Throughout the entries below, report every line where "Casual" is found.

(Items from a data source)
━━━━━━━━━━━━━━━━

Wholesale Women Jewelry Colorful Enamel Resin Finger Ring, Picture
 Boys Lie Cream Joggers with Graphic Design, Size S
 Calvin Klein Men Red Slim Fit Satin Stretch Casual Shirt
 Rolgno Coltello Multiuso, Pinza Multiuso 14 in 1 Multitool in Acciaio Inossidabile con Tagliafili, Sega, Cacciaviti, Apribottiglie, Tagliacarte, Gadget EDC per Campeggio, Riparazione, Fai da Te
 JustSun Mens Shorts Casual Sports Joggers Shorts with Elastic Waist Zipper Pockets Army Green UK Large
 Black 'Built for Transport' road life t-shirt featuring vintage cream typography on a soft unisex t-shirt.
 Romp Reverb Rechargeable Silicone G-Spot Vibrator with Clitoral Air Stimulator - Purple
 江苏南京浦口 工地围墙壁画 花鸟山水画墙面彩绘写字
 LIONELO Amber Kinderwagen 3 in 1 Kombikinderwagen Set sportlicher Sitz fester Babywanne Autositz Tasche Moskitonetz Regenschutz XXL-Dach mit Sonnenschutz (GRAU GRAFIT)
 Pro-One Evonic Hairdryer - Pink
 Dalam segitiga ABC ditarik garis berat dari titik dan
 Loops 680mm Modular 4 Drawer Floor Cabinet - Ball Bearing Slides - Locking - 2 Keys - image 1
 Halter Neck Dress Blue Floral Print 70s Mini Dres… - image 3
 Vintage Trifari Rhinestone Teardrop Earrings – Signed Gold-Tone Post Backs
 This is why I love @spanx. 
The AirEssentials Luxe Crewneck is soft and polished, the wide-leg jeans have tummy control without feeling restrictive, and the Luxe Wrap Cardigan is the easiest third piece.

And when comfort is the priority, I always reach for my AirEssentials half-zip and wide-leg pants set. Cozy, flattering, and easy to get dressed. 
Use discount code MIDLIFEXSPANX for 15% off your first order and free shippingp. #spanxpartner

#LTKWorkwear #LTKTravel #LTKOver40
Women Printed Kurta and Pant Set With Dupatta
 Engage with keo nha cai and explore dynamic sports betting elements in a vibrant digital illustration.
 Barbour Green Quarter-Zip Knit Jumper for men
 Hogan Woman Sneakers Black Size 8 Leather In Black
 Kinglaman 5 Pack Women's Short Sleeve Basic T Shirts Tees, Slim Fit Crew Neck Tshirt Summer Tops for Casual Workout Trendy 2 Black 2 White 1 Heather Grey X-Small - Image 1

━━━━━━━━━━━━━━━━

Response.
 Calvin Klein Men Red Slim Fit Satin Stretch Casual Shirt
 JustSun Mens Shorts Casual Sports Joggers Shorts with Elastic Waist Zipper Pockets Army Green UK Large
 Kinglaman 5 Pack Women's Short Sleeve Basic T Shirts Tees, Slim Fit Crew Neck Tshirt Summer Tops for Casual Workout Trendy 2 Black 2 White 1 Heather Grey X-Small - Image 1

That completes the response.